L’une des salles de réception du RItz ©Magistère DJC

Avant d’être “starifiés” et propulsés sur les petits écrans, les chefs de cuisine quittaient rarement leurs fourneaux. Reculés dans des cuisines délabrées, leur statut était souvent peu considéré. À l’origine de ce changement de conditions sociales, un emblème de la deuxième moitié du XIXème siècle : Auguste Escoffier. Précurseur de nouvelles conditions de travail, inventeur de plats emblématiques et de techniques culinaires encore omniprésentes aujourd’hui, le jeune chef provincial est parvenu à réaliser son rêve : élever la cuisine au rang d’art. Portrait en deux volets d’un chef artiste visionnaire. (2/2)

Alors que la caractéristique de la cuisine française réside dans la puissance de ses sauces, Auguste Escoffier décide de les alléger. À partir de réductions, qui induisent des concentrations du goût, le chef réduit l’utilisation de liaisons, alors très présentes dans les sauces. Plus généralement, il souhaite apporter à la gastronomie française le goût de son époque. Sans renier les traditions, il souhaite diminuer les fioritures très présentes dans les assiettes, pour se rapprocher du goût originel des produits. Une quête de simplicité, qui rime encore aujourd’hui avec modernité.

Élever la cuisine au rang d’art

Chez Escoffier, les plats sont pensés comme des tableaux. En accordant une importance singulière à l’identité visuelle, il crée le concept de plats signatures. Parmi eux, la “Pêche Melba” est sans doute l’un des plus célèbres.

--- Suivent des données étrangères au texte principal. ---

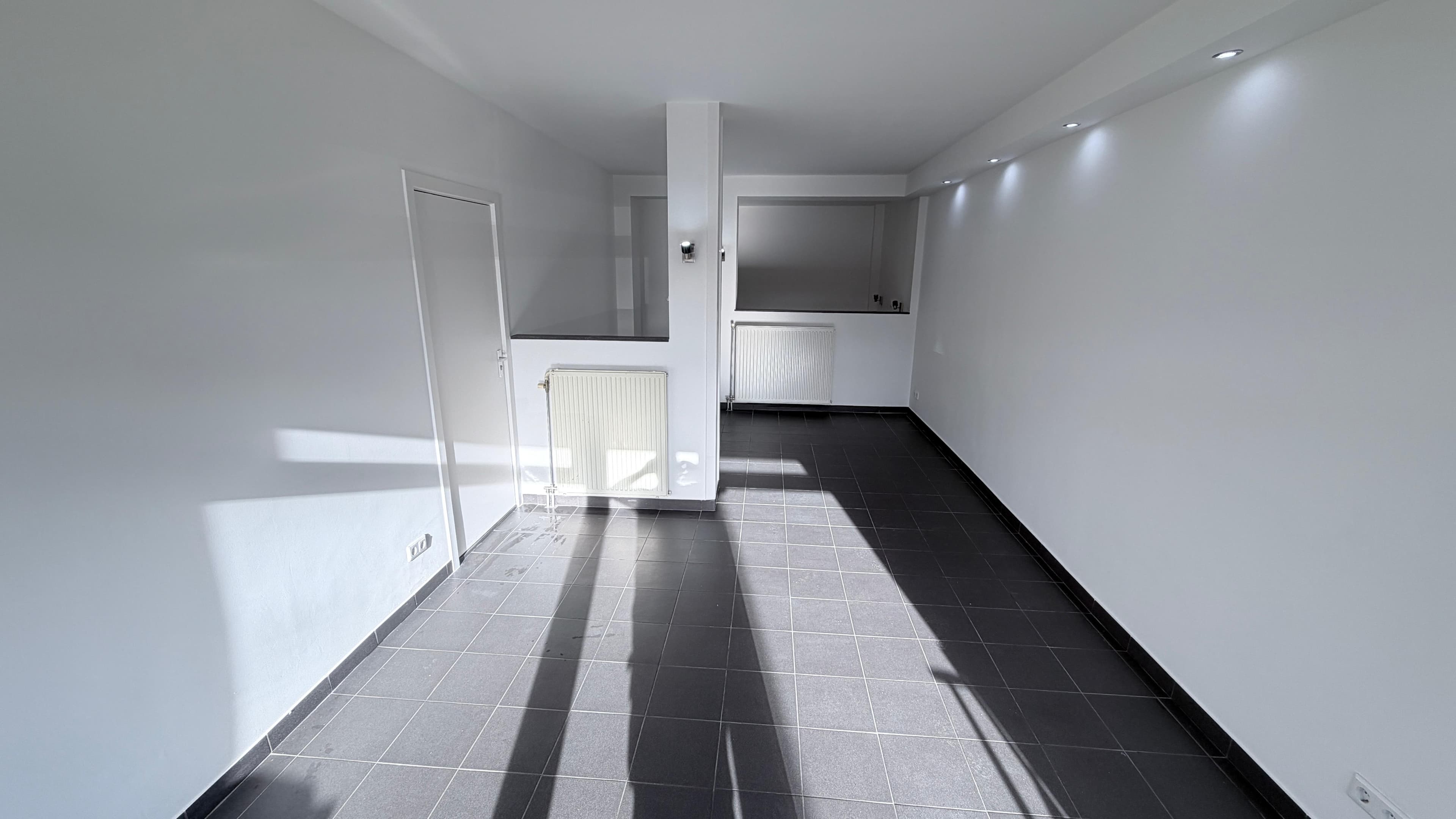 show all photos of Jan van der Heijdenstraat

Après avoir écouté la cantatrice Nellie Melba, le chef lui dédie ce dessert composé d’une pêche coupée en deux, servie à température ambiante, accompagnée d’une crème glacée à la vanille, le tout lié par un coulis de framboises. “Un jeu de textures et de températures qui laisse une émotion incroyable”, s’ébahit le chef Thierry Marx. Dans les cuisines du Savoy, Auguste Escoffier crée une recette qui figure toujours à la carte de l’établissement : la “nymphe à l’aurore”. Des cuisses de grenouilles froides, pochées au vin blanc puis enrobées d’une sauce Chaud-froid de poisson, sur laquelle est superposée une gelée de champagne.

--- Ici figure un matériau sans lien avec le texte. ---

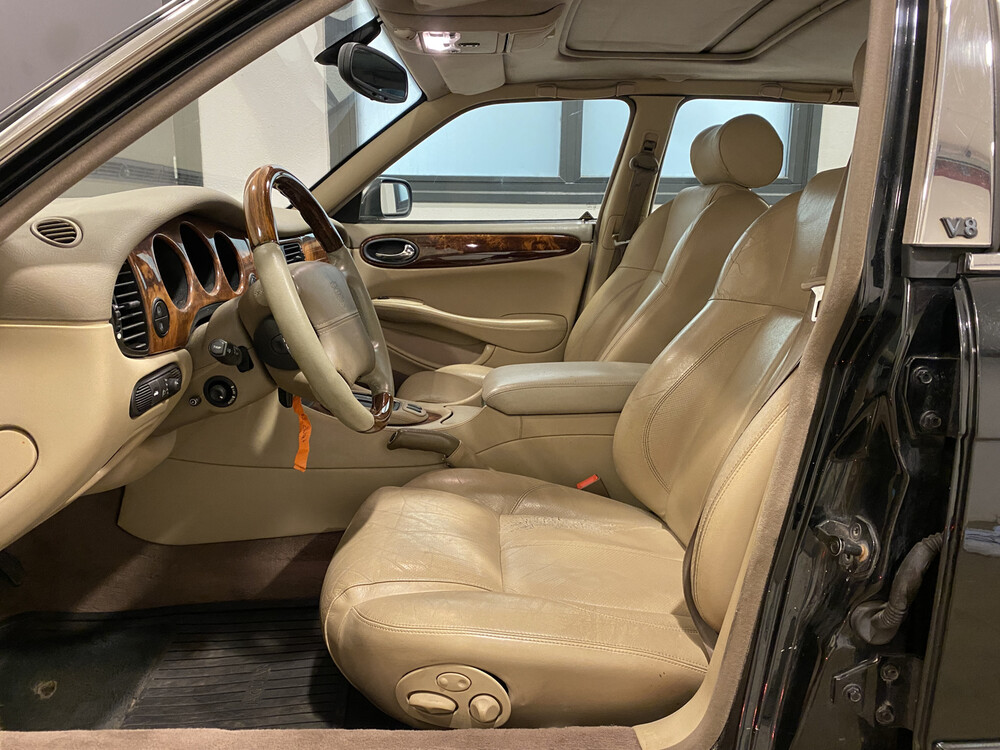 Jaguar XJ 3.2 V8 Executive 237hp 2002, 41-ZKN-1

Remarquable à l’appellation de ce plat, l’artiste Escoffier se distingue tant par ses mets que par ses mots. Le chef “s’amuse sur ces intitulés”, comme le souligne Camille Labro, journaliste culinaire pour Le Monde. Au-delà d’une forme de musicalité, il y inclut des références aux personnages historiques. Un plat sur quatre devient même une dédicace à une héroïne de l’époque. Les crêpes Suzette, en hommage à l’actrice française Suzette Reichenberg, la poire Belle Hélène ou le suprême de Poulet George Sand n’en représentent qu’une petite partie.

Une superstar planétaire

Après avoir sillonné l’Europe et ses établissements les plus prestigieux, Auguste Escoffier part à la conquête de l’Amérique. Déjà très reconnu sur le vieux continent, il débarque à New-York au début du XXème siècle. Grace à son aura, sa réputation et son savoir-faire, il parvient à placer dans le pays plus de 2000 cuisiniers formés par ses soins.  En 1911, il fonde le Carnet d’Épicure et la Ligue des Gourmands, avec pour but la valorisation de la gastronomie française à travers le globe. Porté par l’image de marque de son pays d’origine, il souhaite faire de ce projet l’apothéose de son œuvre. Conscient du développement exponentiel à venir des moyens de communication, il crée le dîner d’Épicure. L’idée est simple mais révolutionnaire. Créer un menu de haute gastronomie française, servi au même moment dans plusieurs restaurants répartis partout dans le monde, à l’issue desquels les convives pourront transmettre leurs impressions par le télégraphe. Avant d’être interrompus par la Grande Guerre, ces dîners se succèdent tous les deux mois pendant 3 ans, réunissant parfois plus de 4000 personnes dans 37 restaurants. 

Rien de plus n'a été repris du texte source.